# Work instruction
Exact duplicates of the lines from the top of the data through the line containing "Netherland's Mathieu van" are needed, with every picture left out.

# The input
......

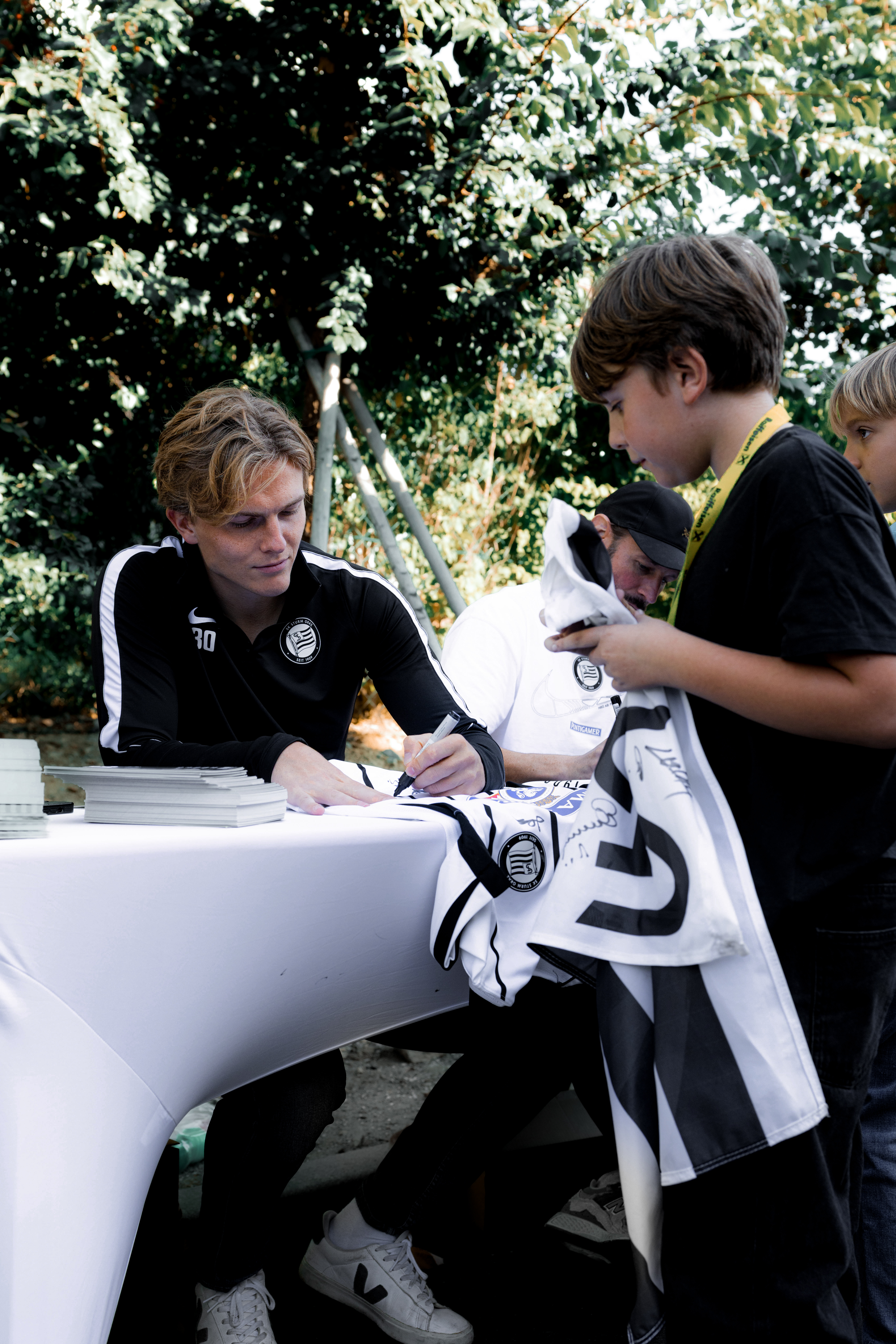 Ein Spieler unterschreibt eine Autogrammkarte.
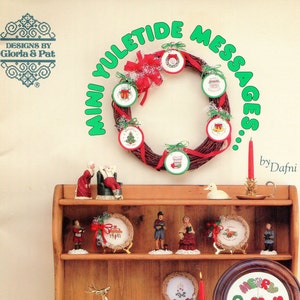Peut inclure: Une collection de modèles de point de croix pour des décorations et des ornements de Noël. Les motifs comprennent une couronne, une chaussette, un arbre et un cœur. Le livre est intitulé "Mini Yuletide Messages" par Dafni. Livre 46, 6,00 €.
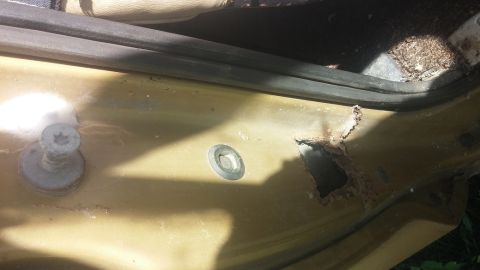 1979 Ford Bronco - Rust has eaten through the interior door panel of this vehicle, revealing damage.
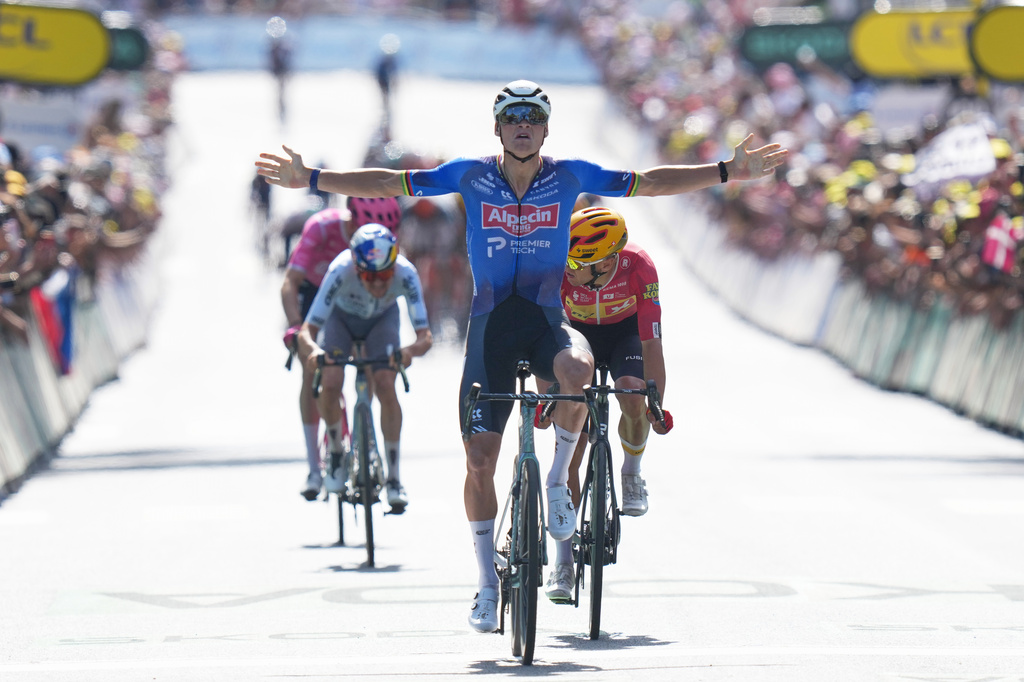 Netherland's Mathieu van der Poel crosses the finish line to win the ninth stage of the Tour de France cycling race with start in Malemort and finish in Ussel, France, Sunday, July 12, 2026. (AP Photo/Thibault Camus)
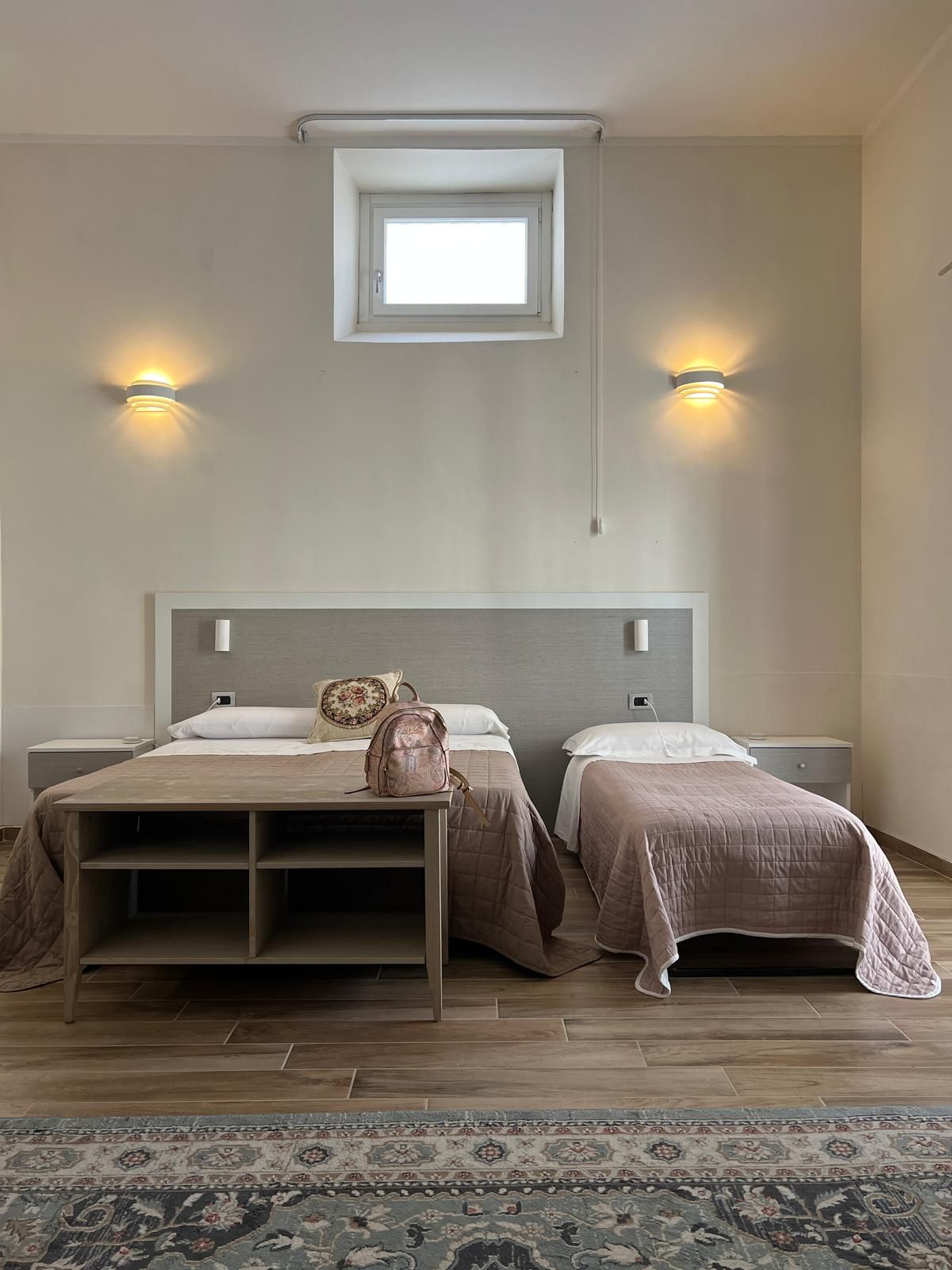 Ein Schlafzimmer mit zwei Betten, einem Oberlicht und Wandleuchten.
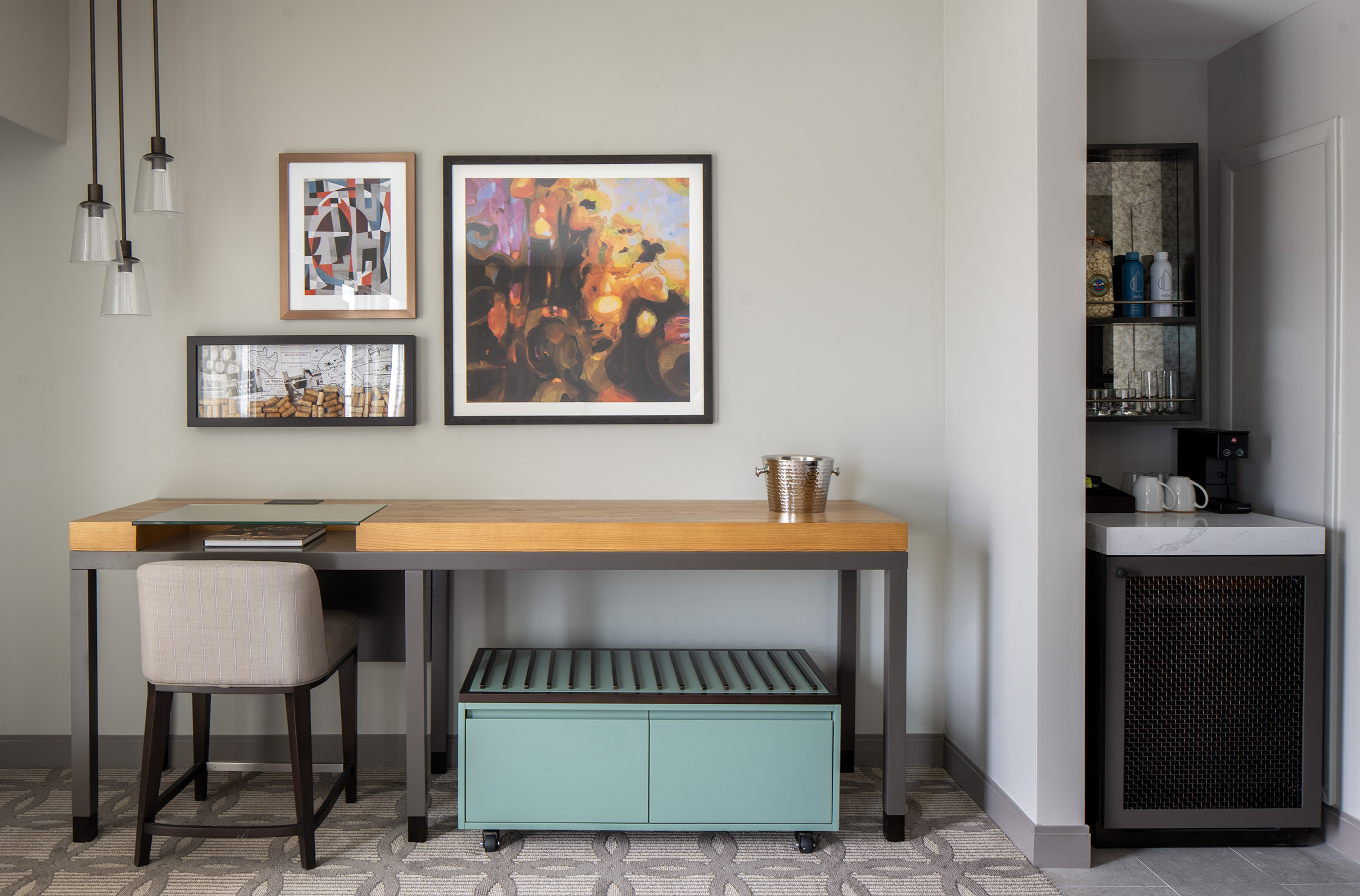 desk with chair on the left, artwork on wall and pantry and beverage station on right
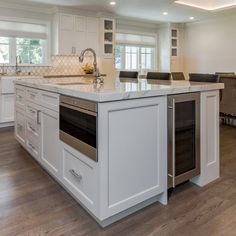 a large kitchen with an island in the middle and white cabinets on both sides is shown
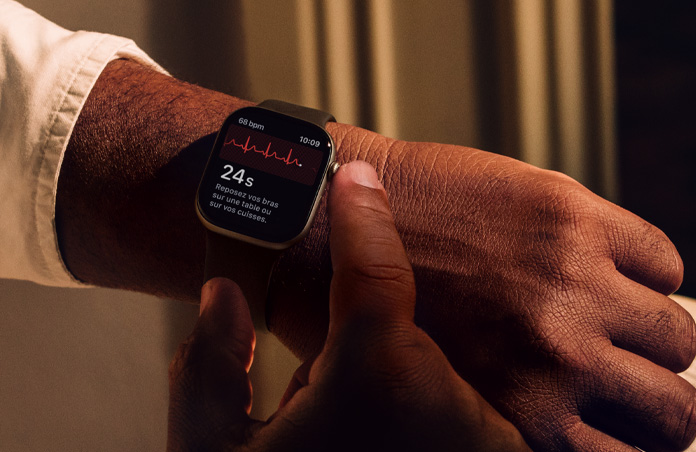 Une personne appuie de façon prolongée sur la Digital Crown d’Apple Watch Series 11 pour évaluer sa santé cardiaque dans l’app ECG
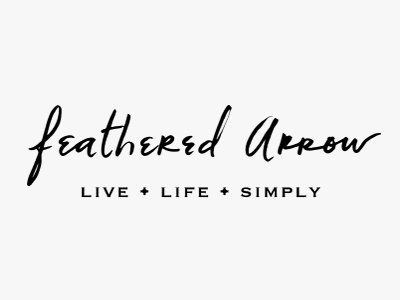 Feathered Arrow hand type handwritten logo script type typography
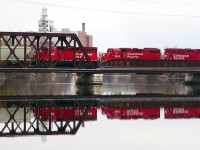 Rolling across the Otonabee River bridge (built 1913) in downtown Peterborough, tri-weekly CP train T08 is on its way to Havelock and Blue Mountain with a short, 8 car consist.  Power is a pair of GP20C-ECO's 2231, 2270  and GP38-2 3042.  In the background is the Quaker Oats mill. 

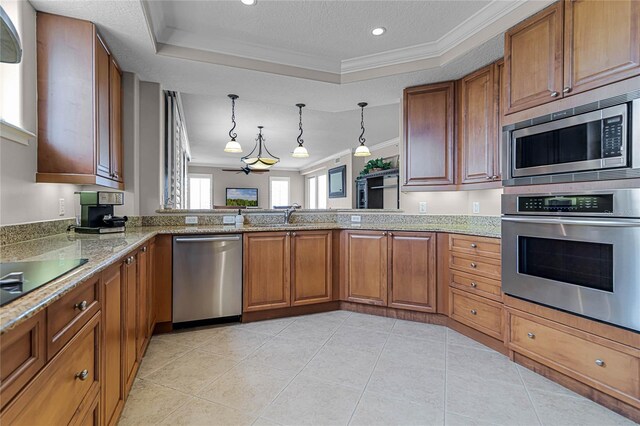 kitchen featuring pendant lighting, a raised ceiling, kitchen peninsula, stainless steel appliances, and crown molding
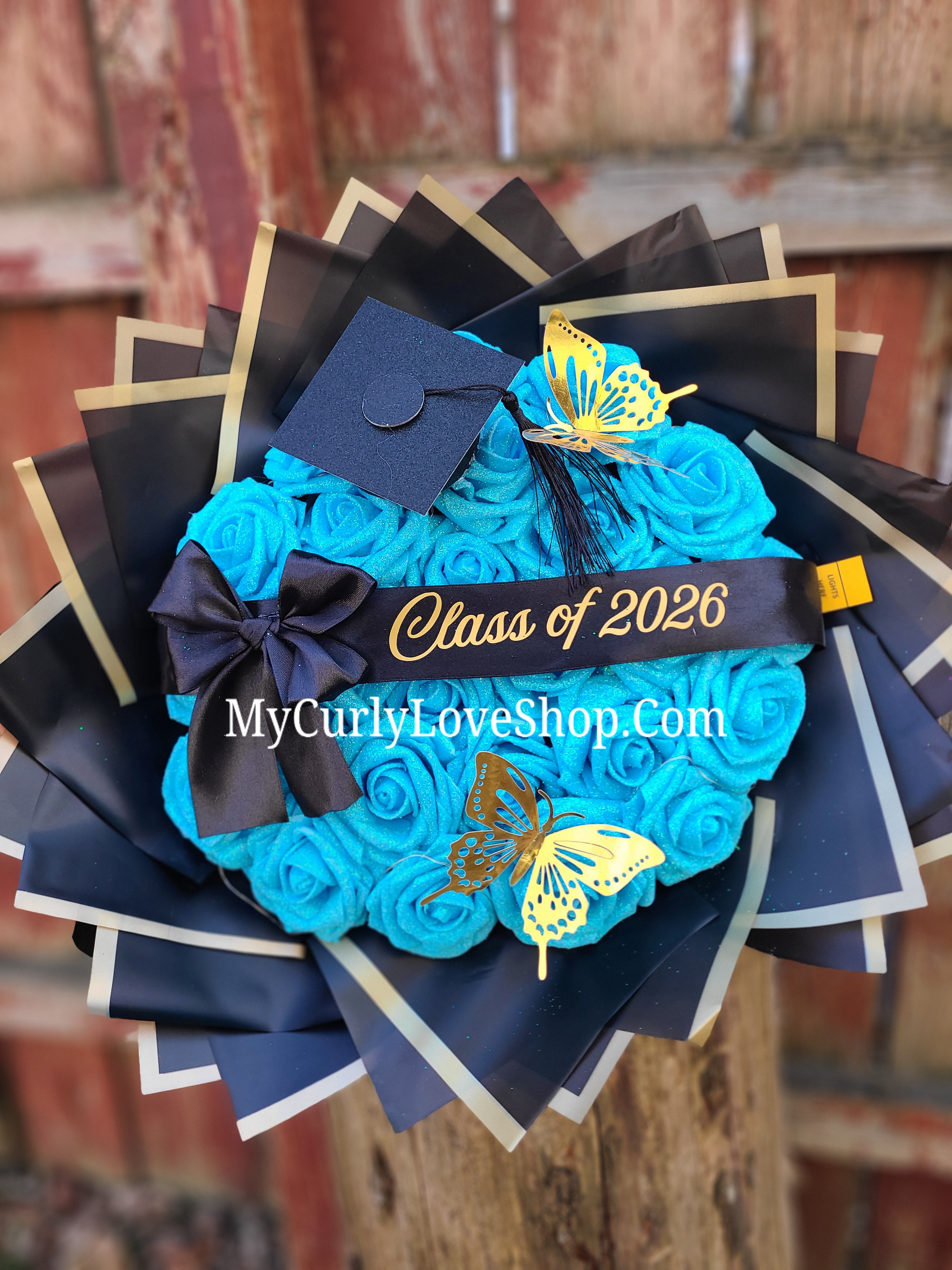 Graduation Glitter Roses Bouquet. Graduation Cap and 2 gold butterflies Included. Banner and Lights are additional.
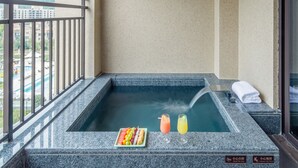 A hot tub with a view of the city, a plate of fruit, and two drinks on a ledge. - Vlamhoo Hotel (Guangzhou)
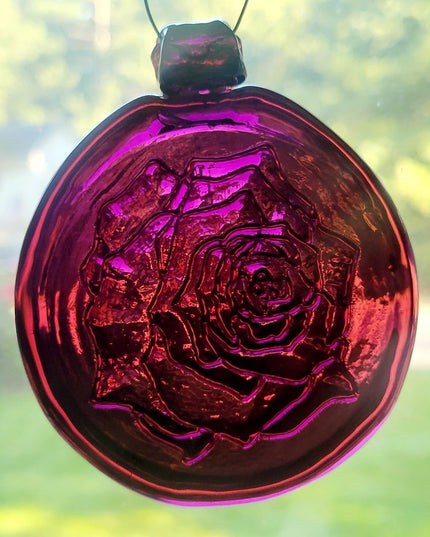 Purple glass suncatcher with a rose design.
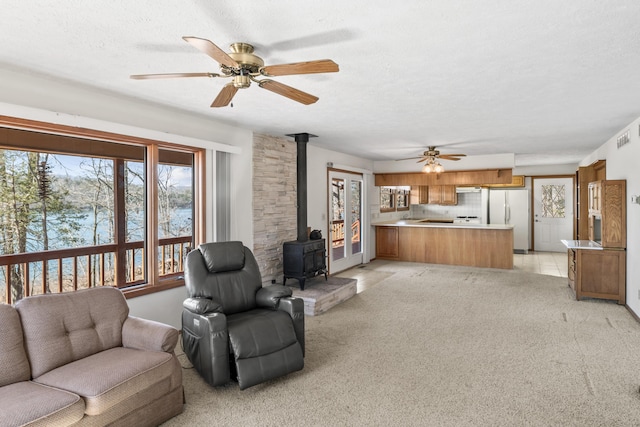 living room with a wood stove, ceiling fan, light carpet, and a textured ceiling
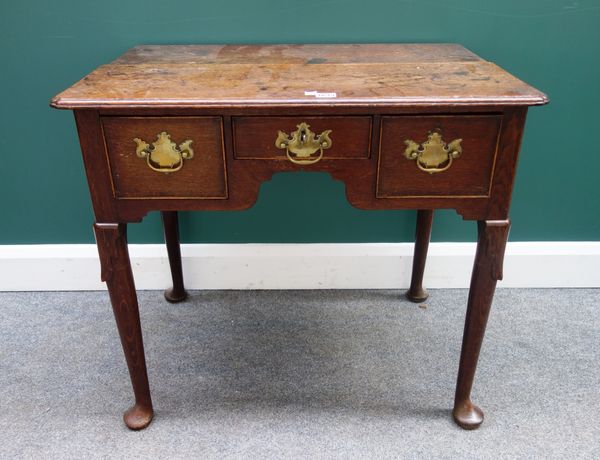 A mid 18th century oak lowboy, with thee frieze drawers on club supports, 77cm wide.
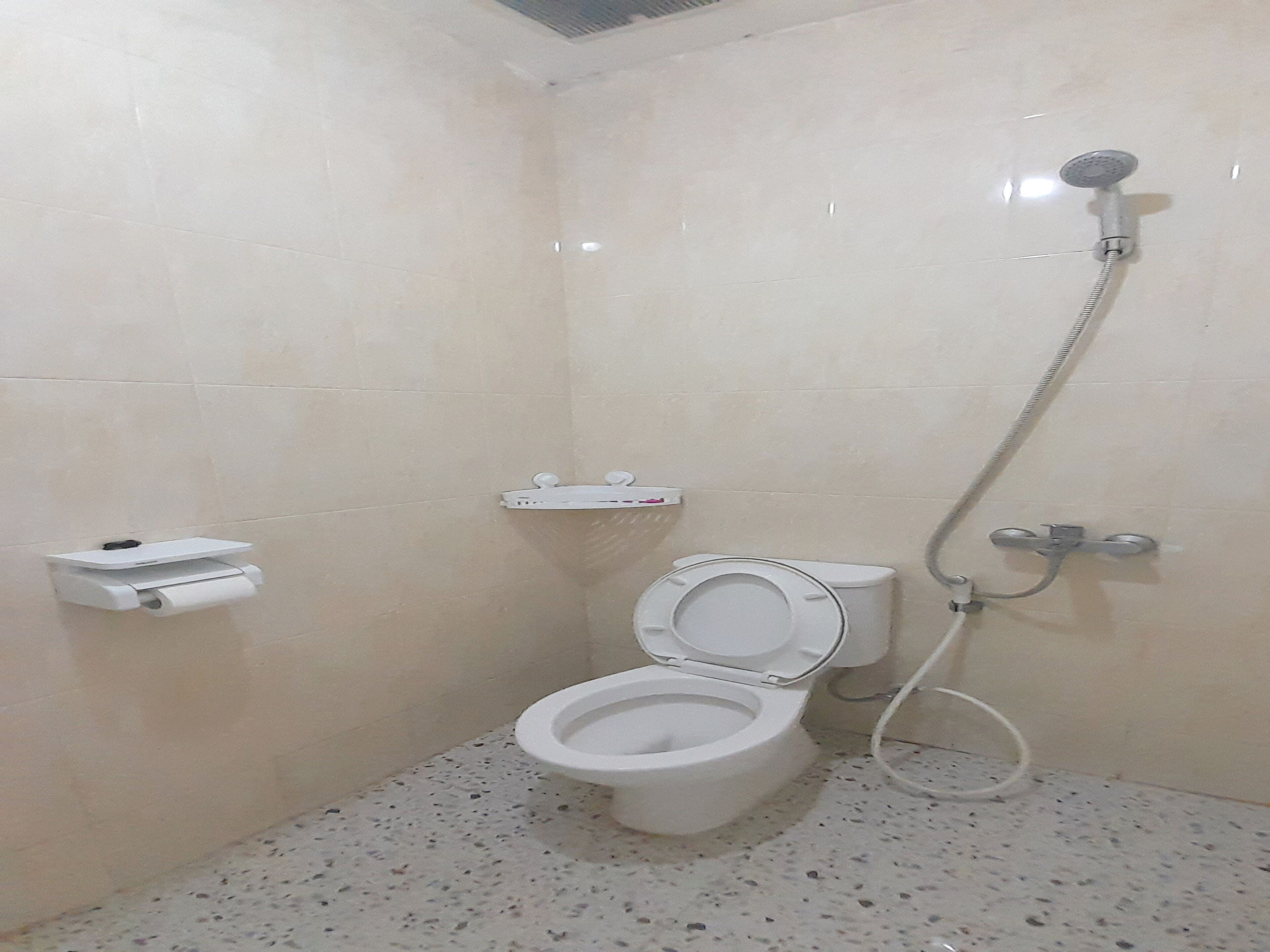 Une petite salle de bain carrelée, équipée de toilettes, d’une douche et d’un distributeur d’essuie-tout.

......

# Exercise output
 Ein Spieler unterschreibt eine Autogrammkarte.
Peut inclure: Une collection de modèles de point de croix pour des décorations et des ornements de Noël. Les motifs comprennent une couronne, une chaussette, un arbre et un cœur. Le livre est intitulé "Mini Yuletide Messages" par Dafni. Livre 46, 6,00 €.
 1979 Ford Bronco - Rust has eaten through the interior door panel of this vehicle, revealing damage.
 Netherland's Mathieu van der Poel crosses the finish line to win the ninth stage of the Tour de France cycling race with start in Malemort and finish in Ussel, France, Sunday, July 12, 2026. (AP Photo/Thibault Camus)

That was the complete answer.